The Tsingy de Bemaraha National Park is a national park located in northwest Madagascar. It is mainly within the boundaries of Antsalova District, with a small part in the northeast falling within Morafenobe District. The national park centers on two geological formations: the Great Tsingy and the Little Tsingy. Together with the adjacent Tsingy de Bemaraha Strict Nature Reserve, the National Park is a UNESCO World Heritage Site.[2][3]
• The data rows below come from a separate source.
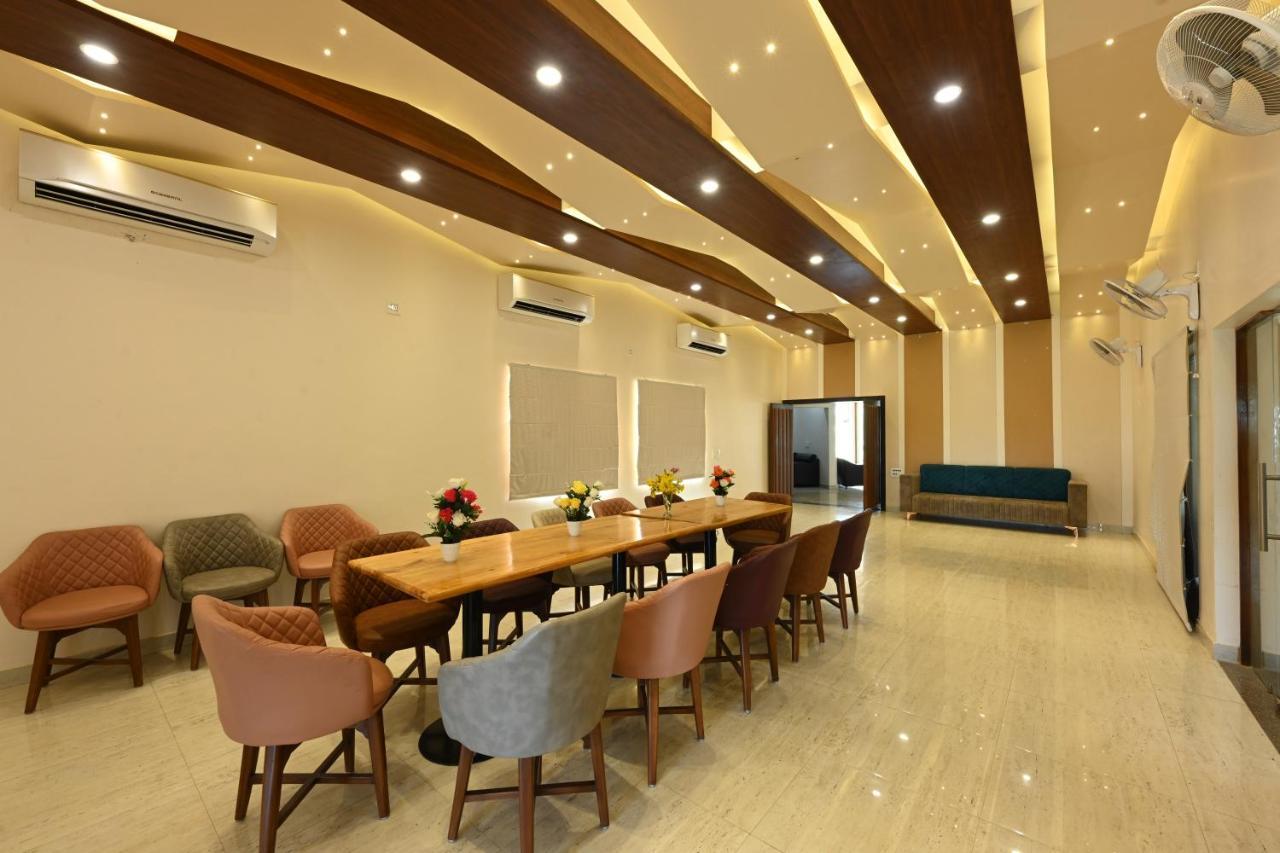 The Ganga Resort Bikaner Bagian luar foto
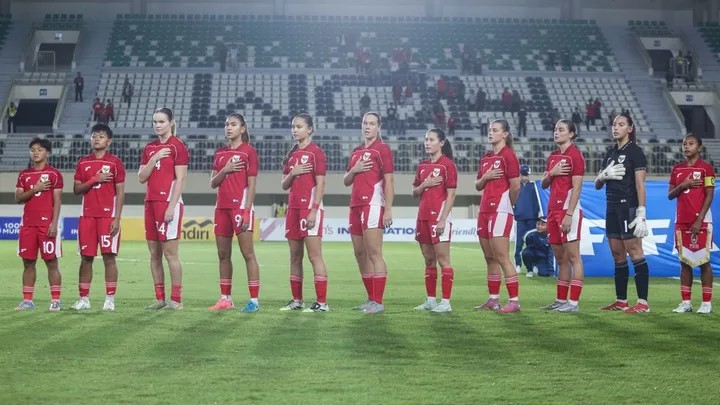 Jadwal Siaran Langsung Timnas Putri Indonesia Lawan Thailand SEA Games 2025
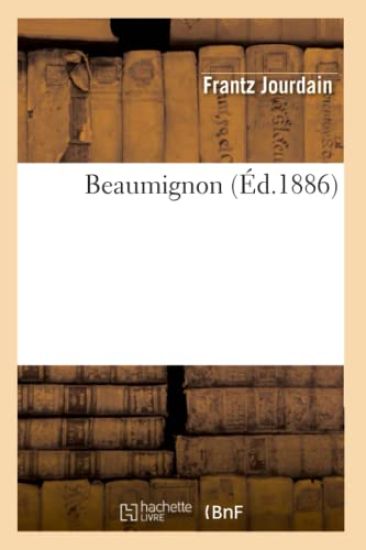 Beaumignon (Éd.1886)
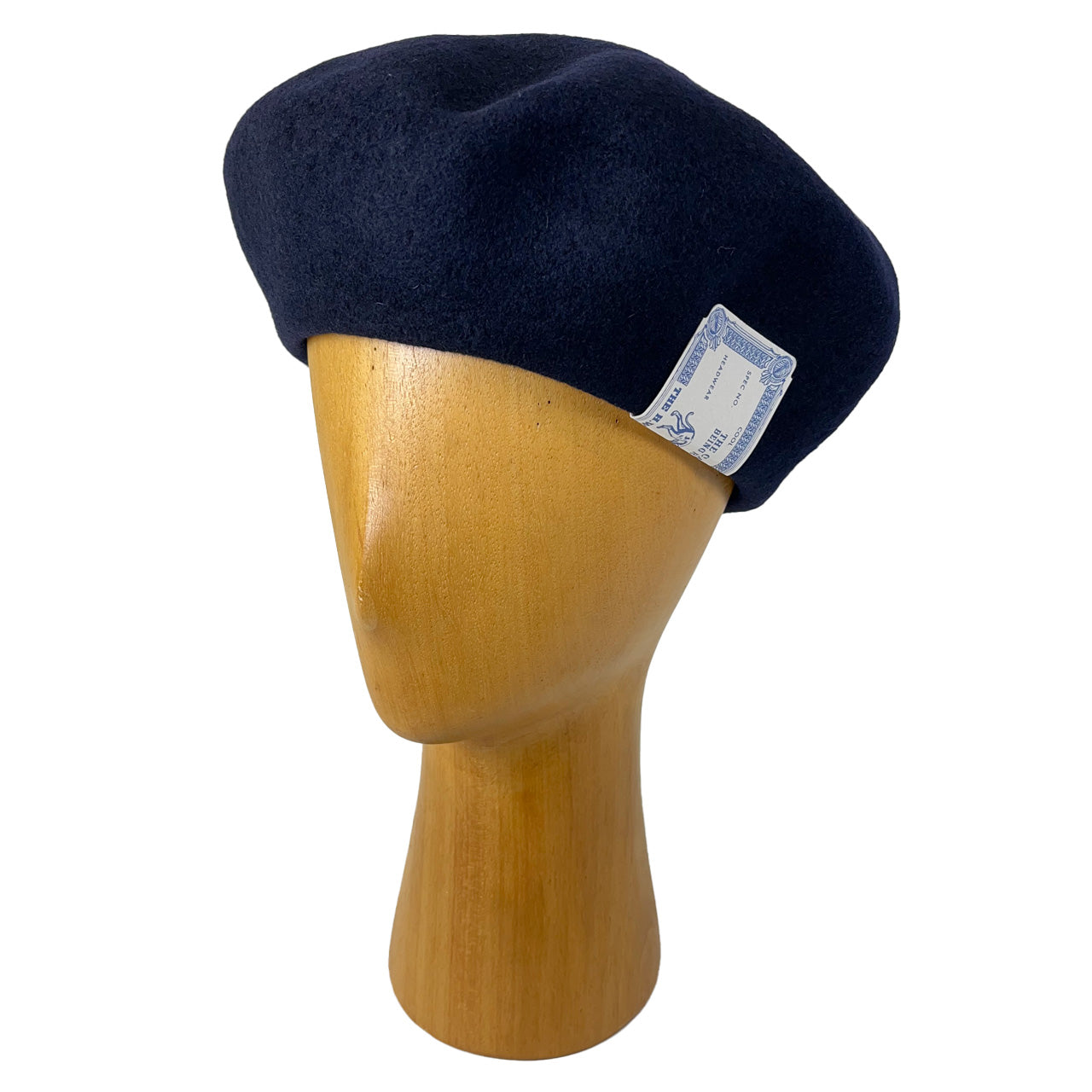 THE H.W.DOG&CO./BASIC BERET/D-00022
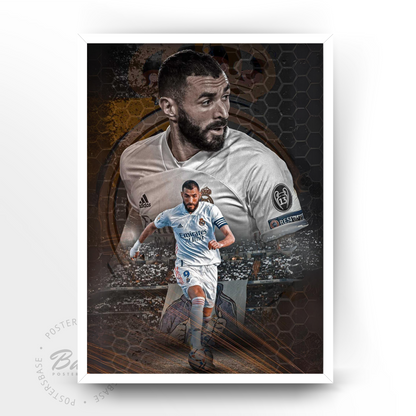 Karim Benzema Real Madrid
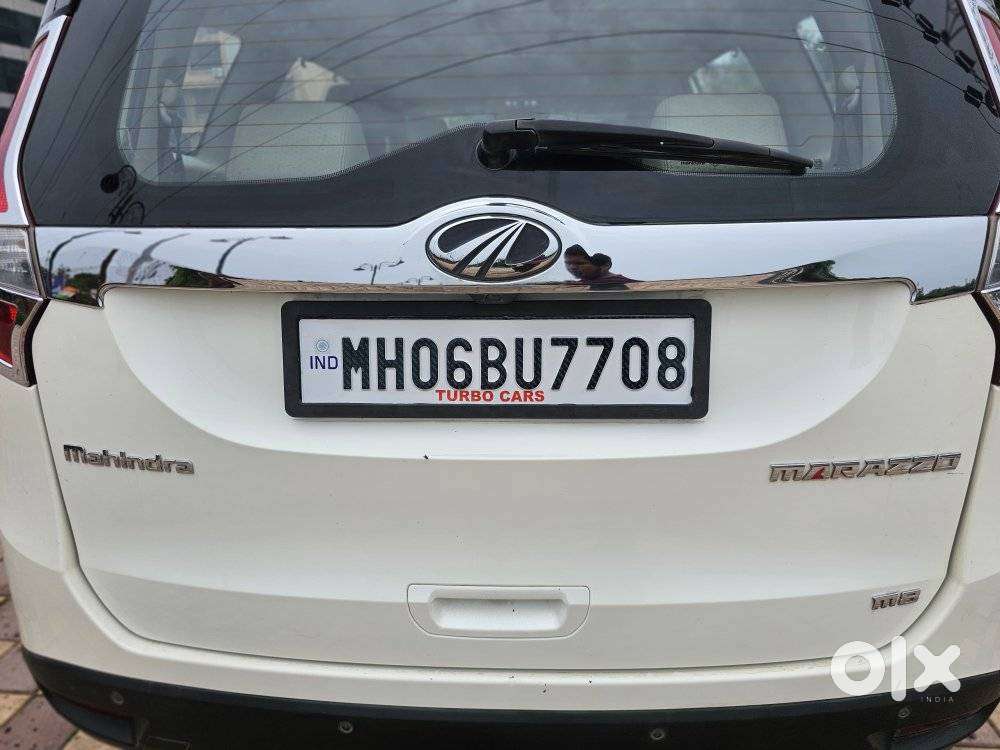 Mahindra Marazzo M8, 2018, Diesel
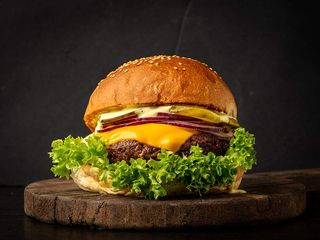 Burger Klasyczny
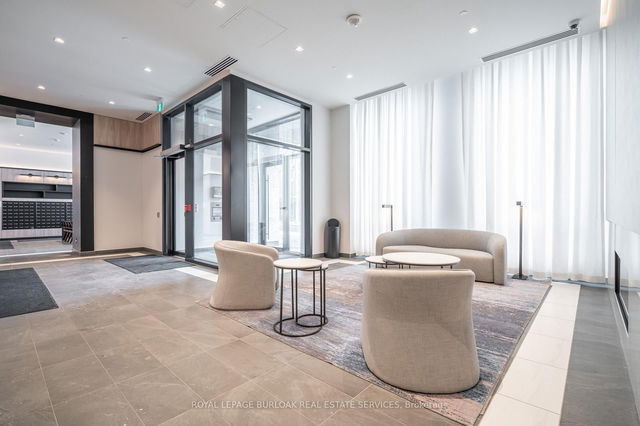 1206 - 1 Jarvis Street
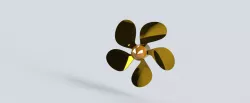 marine propeller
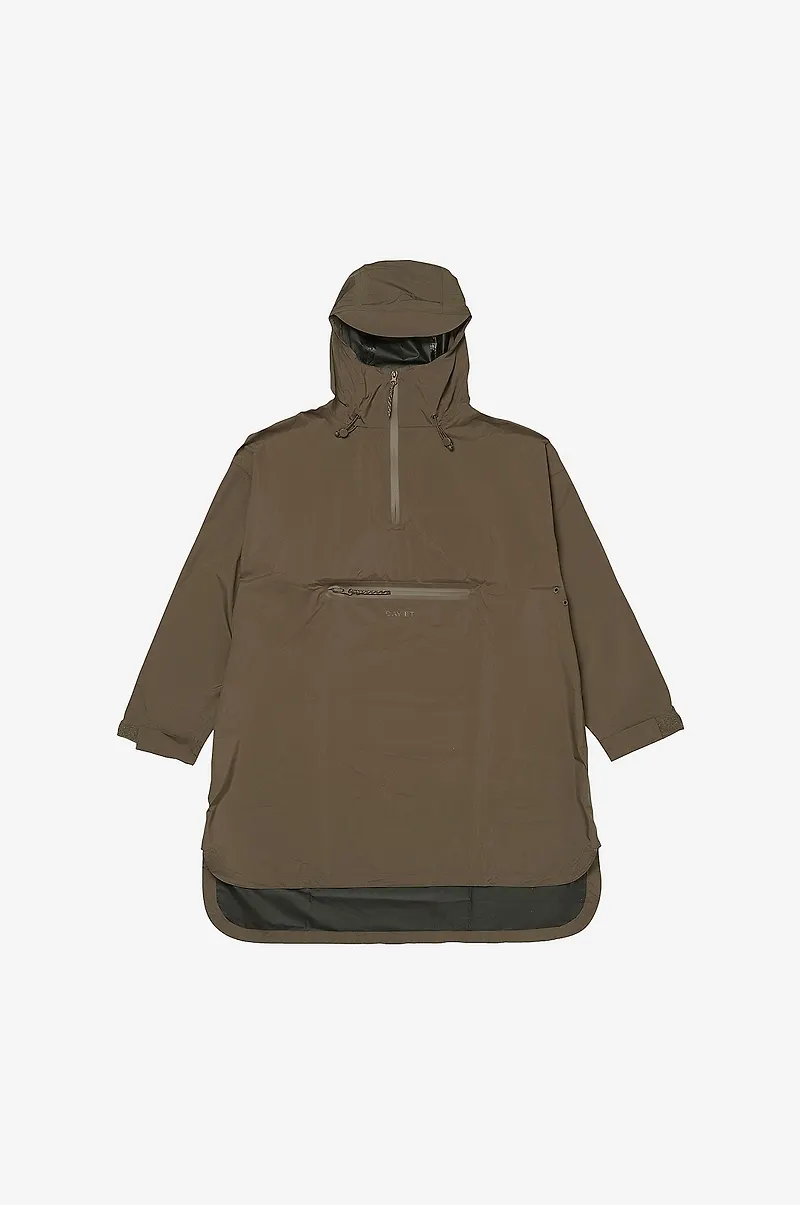 DAY ET - Anorak Day Re-No Rain Anorak - Brun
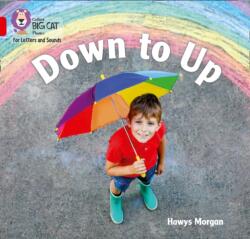 Down to Up (ISBN: 9780008410247)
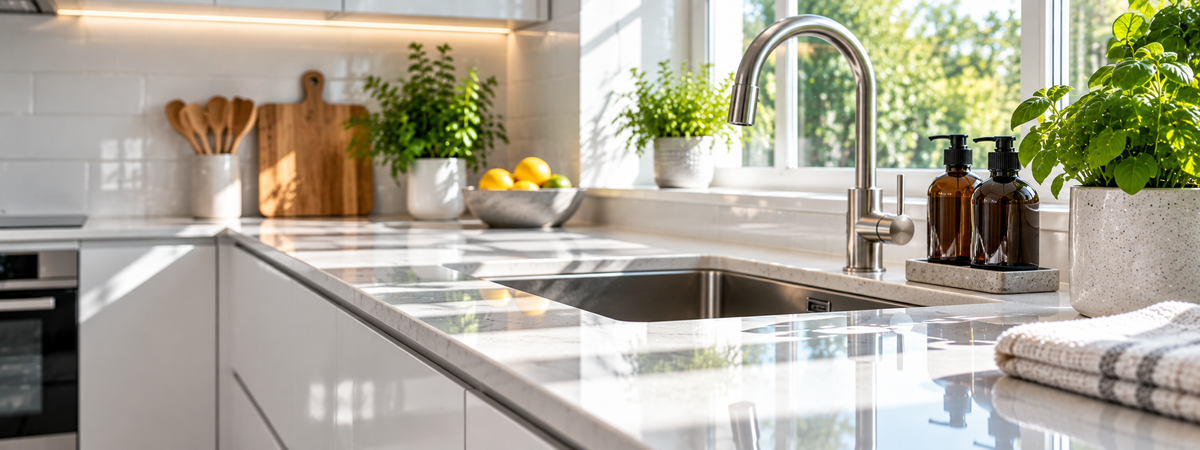 Kitchen Cleaning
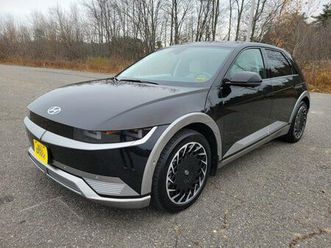 used 2024 hyundai ioniq 5 limited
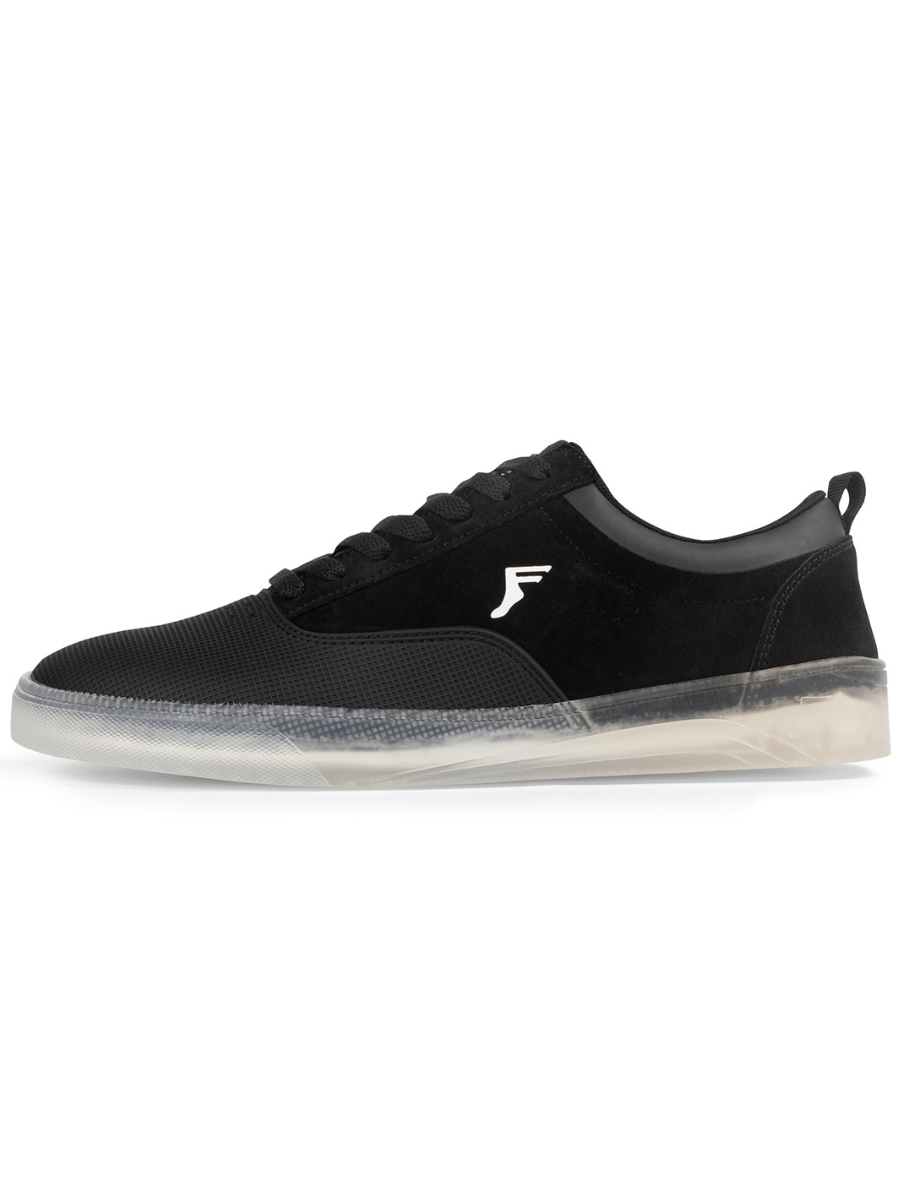 Footprint Intercept DGS 3 Skateschuh – Black Ice Forever Cap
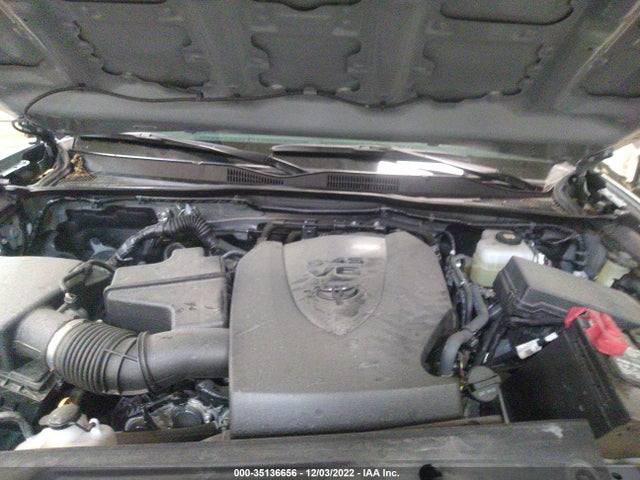 2021 TOYOTA TACOMA 4WD SR/SR5/TRD SPORT VIN: 3TYCZ5AN9MT037288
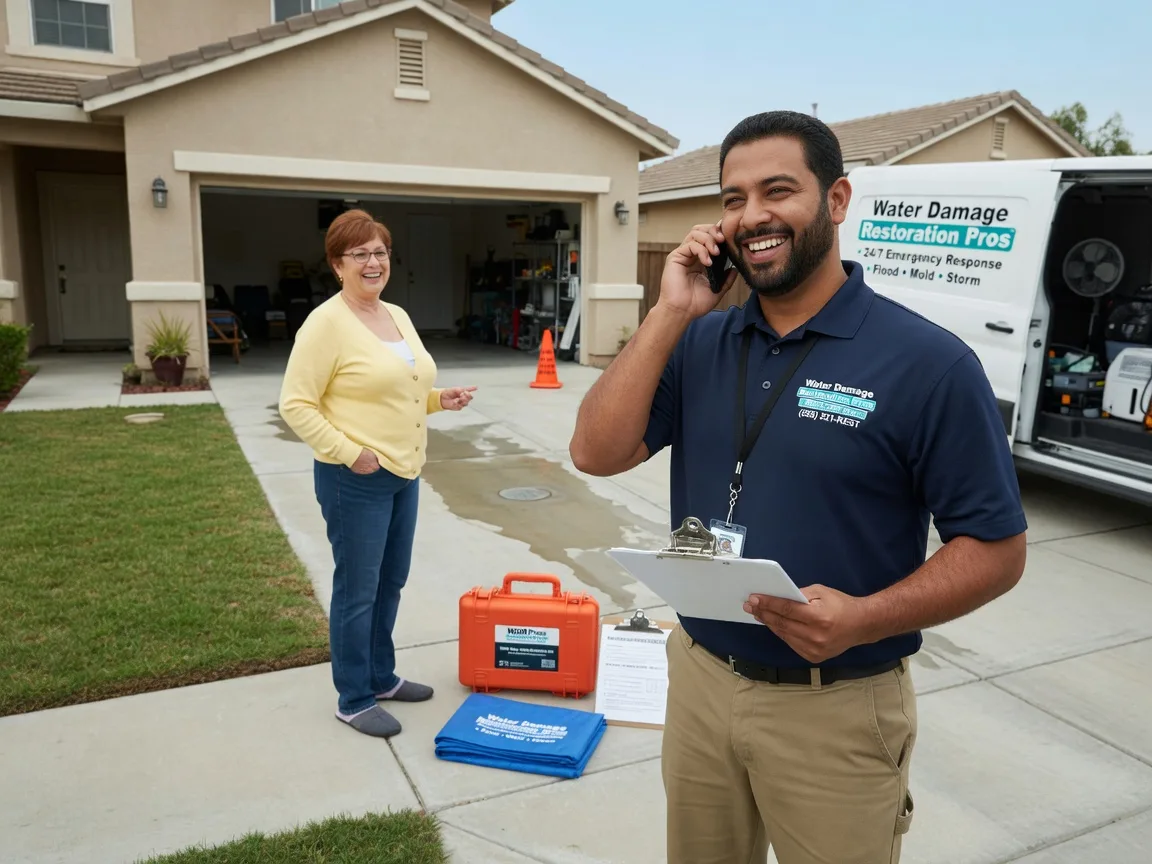 Water Damage Restoration New Bloomfield, MO FAQs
It is crossed by the Manambolo River.


Satellite image of the park.

The Tsingys are karstic plateaus in which groundwater has undercut the elevated uplands, and has gouged caverns and fissures into the limestone. In several regions on western Madagascar, centering on the park and adjacent Nature Reserve, the superposition of vertical and horizontal erosion patterns has created dramatic "forests" of limestone needles.[2]

The word tsingy is indigenous to the Malagasy language as a description of the karst badlands of Madagascar. The word can be translated into English as where one cannot walk barefoot.[3]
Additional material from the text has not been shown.